The optimization of chemical structures in the latent space has become a major tool for de novo design, but it is much based on random perturbations in the starting molecule and on arithmetic operations to change molecules in the direction of better-performing ones [
10,
28]. The establishment of arithmetic operations in the latent space (rules) associated with specific desired transformations opens the way to better-guided algorithms for molecular optimization.
2. Results and Discussion
2.1. Unsupervised Mapping of Atomic DLSVs with t-SNE
The ability of atomic DLSVs to represent atoms in molecules was assessed by mapping a data set consisting of >100,000 atoms exhaustively obtained from 5000 diverse molecules. The t-distributed stochastic neighbor embedding (t-SNE) algorithm was used, which can efficiently handle very large data sets. The mapping relied exclusively on the atomic DLSV obtained by the difference between the LSV of the whole molecule and the LSV of the molecule after replacing the target atom with a phosphorus atom. Only after mapping the objects were labels associated with the data points to obtain figures and interactive maps (
Figure 1). The interactive maps are available from the github repository associated with this article.
The maps show that the DLSV profiles could discriminate between the atoms of different elements, hybridization, atomic types, and aromaticity. Clustering according to a more detailed environment of atoms (e.g., functional groups) was incipient in some cases, although no clear separation between clusters was observed.
These maps show that DLSVs extract qualitative local information from the LSVs of molecules that can be revealed by unsupervised clustering.
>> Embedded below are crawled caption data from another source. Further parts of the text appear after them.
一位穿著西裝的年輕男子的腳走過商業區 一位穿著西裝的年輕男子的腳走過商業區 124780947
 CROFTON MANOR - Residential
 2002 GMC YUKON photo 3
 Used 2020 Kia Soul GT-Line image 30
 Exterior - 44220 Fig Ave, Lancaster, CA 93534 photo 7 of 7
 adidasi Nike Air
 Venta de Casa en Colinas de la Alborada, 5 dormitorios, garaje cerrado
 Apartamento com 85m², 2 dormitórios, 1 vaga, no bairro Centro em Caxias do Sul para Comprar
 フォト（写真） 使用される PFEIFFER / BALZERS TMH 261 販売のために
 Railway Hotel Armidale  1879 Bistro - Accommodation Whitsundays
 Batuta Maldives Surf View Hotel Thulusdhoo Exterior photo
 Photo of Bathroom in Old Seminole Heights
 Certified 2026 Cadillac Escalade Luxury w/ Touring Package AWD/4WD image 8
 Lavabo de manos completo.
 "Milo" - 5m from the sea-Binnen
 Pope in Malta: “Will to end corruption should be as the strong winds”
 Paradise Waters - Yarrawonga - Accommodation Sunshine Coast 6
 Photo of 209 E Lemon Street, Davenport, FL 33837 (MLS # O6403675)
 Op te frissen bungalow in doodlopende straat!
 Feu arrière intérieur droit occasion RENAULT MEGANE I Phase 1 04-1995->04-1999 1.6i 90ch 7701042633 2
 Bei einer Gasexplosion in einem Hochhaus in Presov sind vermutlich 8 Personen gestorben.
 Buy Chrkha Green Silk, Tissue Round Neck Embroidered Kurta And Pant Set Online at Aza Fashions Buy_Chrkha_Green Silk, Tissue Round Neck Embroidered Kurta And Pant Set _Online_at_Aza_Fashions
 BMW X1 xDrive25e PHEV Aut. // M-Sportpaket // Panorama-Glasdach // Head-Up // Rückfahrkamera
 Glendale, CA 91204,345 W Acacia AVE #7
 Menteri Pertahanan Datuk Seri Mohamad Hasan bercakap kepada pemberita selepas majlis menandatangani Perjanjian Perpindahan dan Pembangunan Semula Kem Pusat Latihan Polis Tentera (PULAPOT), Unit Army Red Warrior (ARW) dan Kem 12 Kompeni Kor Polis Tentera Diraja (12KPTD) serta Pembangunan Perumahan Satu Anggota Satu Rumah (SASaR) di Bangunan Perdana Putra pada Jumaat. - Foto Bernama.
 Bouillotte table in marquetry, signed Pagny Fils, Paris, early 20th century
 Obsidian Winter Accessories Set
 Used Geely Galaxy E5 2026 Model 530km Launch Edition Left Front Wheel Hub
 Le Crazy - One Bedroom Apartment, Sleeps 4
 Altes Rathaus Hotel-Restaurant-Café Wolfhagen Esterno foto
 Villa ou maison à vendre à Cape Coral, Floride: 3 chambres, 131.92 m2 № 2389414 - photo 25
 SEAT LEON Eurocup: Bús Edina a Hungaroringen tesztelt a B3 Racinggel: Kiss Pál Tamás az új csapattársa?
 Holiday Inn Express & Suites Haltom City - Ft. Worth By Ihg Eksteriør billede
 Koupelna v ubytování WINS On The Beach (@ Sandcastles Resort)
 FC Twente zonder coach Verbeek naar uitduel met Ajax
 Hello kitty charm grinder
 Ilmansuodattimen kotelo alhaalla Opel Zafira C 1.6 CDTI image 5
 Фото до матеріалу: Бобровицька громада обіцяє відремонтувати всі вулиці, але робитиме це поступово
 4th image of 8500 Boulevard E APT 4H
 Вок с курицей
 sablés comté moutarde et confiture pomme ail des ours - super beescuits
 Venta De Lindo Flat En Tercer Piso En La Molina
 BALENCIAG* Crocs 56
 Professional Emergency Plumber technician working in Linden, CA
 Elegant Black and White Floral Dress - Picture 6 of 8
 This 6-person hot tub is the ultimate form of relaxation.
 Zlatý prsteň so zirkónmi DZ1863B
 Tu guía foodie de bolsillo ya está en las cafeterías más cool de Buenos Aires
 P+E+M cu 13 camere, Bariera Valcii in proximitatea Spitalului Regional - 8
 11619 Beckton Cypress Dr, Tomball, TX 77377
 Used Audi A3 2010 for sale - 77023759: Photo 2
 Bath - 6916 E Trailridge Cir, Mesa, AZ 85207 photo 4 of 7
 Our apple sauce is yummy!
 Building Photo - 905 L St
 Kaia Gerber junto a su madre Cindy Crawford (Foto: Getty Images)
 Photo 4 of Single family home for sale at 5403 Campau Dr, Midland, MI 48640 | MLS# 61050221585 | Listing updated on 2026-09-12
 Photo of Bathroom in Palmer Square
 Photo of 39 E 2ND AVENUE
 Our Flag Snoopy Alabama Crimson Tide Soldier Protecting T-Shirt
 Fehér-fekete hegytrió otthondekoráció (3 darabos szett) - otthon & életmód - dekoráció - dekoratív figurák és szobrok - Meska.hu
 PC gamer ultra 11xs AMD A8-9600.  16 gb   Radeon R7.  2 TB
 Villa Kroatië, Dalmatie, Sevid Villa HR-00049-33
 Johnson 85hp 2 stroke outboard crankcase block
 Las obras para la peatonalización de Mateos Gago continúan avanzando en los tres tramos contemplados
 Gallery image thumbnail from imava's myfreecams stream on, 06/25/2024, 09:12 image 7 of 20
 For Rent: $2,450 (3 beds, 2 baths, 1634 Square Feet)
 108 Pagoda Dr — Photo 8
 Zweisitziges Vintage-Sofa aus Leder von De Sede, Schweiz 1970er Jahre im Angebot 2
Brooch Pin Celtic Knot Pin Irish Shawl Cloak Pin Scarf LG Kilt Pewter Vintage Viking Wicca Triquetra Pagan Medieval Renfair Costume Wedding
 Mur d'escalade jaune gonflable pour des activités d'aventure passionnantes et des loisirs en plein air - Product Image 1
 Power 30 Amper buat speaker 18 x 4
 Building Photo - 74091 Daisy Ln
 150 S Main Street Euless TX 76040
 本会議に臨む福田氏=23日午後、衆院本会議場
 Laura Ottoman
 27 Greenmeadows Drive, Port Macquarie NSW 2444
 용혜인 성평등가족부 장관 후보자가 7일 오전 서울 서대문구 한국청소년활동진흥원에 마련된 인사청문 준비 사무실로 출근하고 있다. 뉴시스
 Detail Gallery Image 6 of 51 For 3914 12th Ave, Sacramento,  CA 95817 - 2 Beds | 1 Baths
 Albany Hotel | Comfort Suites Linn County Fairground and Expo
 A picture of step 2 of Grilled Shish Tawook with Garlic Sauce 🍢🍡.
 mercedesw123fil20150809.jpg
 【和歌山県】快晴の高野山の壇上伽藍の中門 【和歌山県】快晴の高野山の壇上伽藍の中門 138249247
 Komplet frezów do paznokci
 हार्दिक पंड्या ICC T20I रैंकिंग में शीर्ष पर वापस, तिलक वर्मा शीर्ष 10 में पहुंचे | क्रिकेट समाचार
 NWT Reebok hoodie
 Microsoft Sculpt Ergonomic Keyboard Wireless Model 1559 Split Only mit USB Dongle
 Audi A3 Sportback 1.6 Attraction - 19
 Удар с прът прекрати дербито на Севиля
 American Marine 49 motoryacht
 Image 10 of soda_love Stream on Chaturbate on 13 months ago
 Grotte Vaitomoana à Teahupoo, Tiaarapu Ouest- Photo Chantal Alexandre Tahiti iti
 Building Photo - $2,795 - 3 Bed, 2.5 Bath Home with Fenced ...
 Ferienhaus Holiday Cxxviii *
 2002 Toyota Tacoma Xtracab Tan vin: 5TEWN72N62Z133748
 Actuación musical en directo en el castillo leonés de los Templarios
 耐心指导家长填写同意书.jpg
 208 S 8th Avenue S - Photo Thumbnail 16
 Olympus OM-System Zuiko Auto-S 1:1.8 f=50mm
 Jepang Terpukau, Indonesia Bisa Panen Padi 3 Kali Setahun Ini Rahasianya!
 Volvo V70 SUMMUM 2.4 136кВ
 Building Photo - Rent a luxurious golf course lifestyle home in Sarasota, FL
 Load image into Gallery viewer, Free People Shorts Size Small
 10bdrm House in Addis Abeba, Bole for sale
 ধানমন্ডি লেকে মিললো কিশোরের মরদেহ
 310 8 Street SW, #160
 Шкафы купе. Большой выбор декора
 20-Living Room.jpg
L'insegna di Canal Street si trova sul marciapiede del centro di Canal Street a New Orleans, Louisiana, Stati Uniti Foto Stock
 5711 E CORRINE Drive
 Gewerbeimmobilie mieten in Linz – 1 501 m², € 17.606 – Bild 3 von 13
2.2. QSPR of Partial Atomic Charges
The ability of DLSV descriptors to train QSPR models was first explored with a calculated atomic property as the dependent variable: Gasteiger partial atomic charges. The atomic charge is a property associated with a specific atom in a molecule. Therefore, we investigated whether the atomic descriptors obtained as DLSVs enable machine learning models to predict this property calculated by RDKit from the 2D molecular structure. Differently from the previous experiment, quantitative data were used (in a regression task) to train ML models with supervised learning. The Gasteiger charge is particularly advantageous as a first exploratory property since it is fast to calculate, is easily accessible from the same package used to process the DLSV, and does not depend on the 3D structure.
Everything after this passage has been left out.